Unless you use Incremental State Transfer, as you bring each node back online after an upgrade, it initiates a full State Snapshot Transfer, which can take a long time to process on larger databases and slower state transfer methods.

During the State Snapshot Transfer, the node continues to accumulate catch-up in the replication event queue, which it will then have to replay to synchronize with the cluster. At the same time, the cluster is operational and continues to add further replication events to the queue.

Blocking Nodes When the node comes back online, if you use mysqldump for State Snapshot Transfers, the donor node remains blocked for the duration of the transfer. In practice, this means that the cluster is short two nodes for the duration of the state transfer, one for the donor node and one for the node in catch-up.

Using xtrabackup or rsync with the LVM state transfer methods, you can avoid blocking the donor, but doing so may slow the donor node down.

Depending on the load balancing mechanism, you may have to configure the load balancer not to direct requests at joining and donating nodes.

Cluster Availability Taking down nodes for a rolling upgrade can greatly diminish cluster performance or availability, such as if there are too few nodes in the cluster to begin with or where the cluster is operating at its maximum capacity.

In such cases, losing access to two nodes during a rolling upgrade can create situations where the cluster can no longer serve all requests made of it or where the execution times of each request increase to the point where services become less available.

Cluster Performance Each node you bring up after an upgrade, diminishes cluster performance until the node buffer pool warms back up.

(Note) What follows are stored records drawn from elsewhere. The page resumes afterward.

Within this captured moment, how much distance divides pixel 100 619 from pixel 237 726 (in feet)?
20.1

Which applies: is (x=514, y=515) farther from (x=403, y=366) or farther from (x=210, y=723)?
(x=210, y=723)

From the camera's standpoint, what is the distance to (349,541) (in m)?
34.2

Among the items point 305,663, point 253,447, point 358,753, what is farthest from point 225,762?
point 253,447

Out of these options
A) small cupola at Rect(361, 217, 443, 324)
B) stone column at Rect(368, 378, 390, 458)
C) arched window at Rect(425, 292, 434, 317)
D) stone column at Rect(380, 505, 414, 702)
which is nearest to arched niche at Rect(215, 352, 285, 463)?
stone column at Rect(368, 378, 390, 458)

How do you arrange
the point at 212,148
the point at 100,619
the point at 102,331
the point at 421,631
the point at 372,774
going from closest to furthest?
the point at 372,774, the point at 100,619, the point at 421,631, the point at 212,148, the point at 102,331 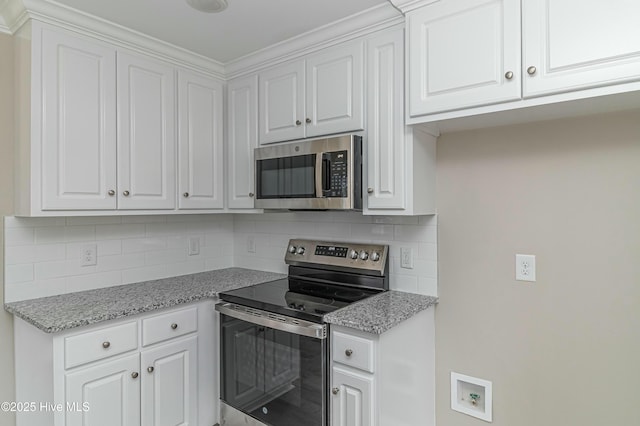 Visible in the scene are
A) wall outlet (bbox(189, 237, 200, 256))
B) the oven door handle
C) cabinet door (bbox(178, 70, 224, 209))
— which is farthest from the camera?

Parallel applying can help with this.

Rolling Upgrade Procedure

Assuming you’ve read and considered the above, below are the steps for upgrading each node in a cluster—one at a time. This procedure, though, is for minor upgrades, not major upgrades. For those, see the next section.

  • First, transfer all client connections from the node you’re about to upgrade to the other nodes.
  • When there are no more client connections trying to access the node, shut down the database software (i.e., mysqld). This will remove the node from the cluster.
  • Now use the method you prefer to upgrade the software. A package management utility such as yum, or whatever is appropriate for the your operating system distribution.
  • When you’ve finished updating the database and Galera software, start the node. Check that it has successfully joined the cluster and finished synchronizing before beginning the process to upgrade another node in the cluster.

Tip

If you upgrade a node that will be part of a weighted quorum, set the initial node weight to zero. This guarantees that if the joining node should fail before it finishes synchronizing, it won’t affect any quorum computations that follow.

Rolling Upgrades of Major Versions of Galera Cluster

Performing a rolling upgrade between major versions of Galera Cluster (e.g., from 5.6 to 5.7) has certain additional limitations. Below is a list of them; you should consider these factors.

SST is not supported between nodes of different major versions. Therefore, nodes of different major versions should not coexist in the same cluster for longer than necessary to perform the upgrade;

Prior to performing the upgrade, ensure that the gcache.size provider option on all nodes is sized so that it can provide IST for the expected duration of the upgrade;

While the cluster contains nodes of multiple versions, avoid running any statements that are only supported in a particular version or statements that have different effect in different versions. For example, do not run DDL statements that are only available in the newer version.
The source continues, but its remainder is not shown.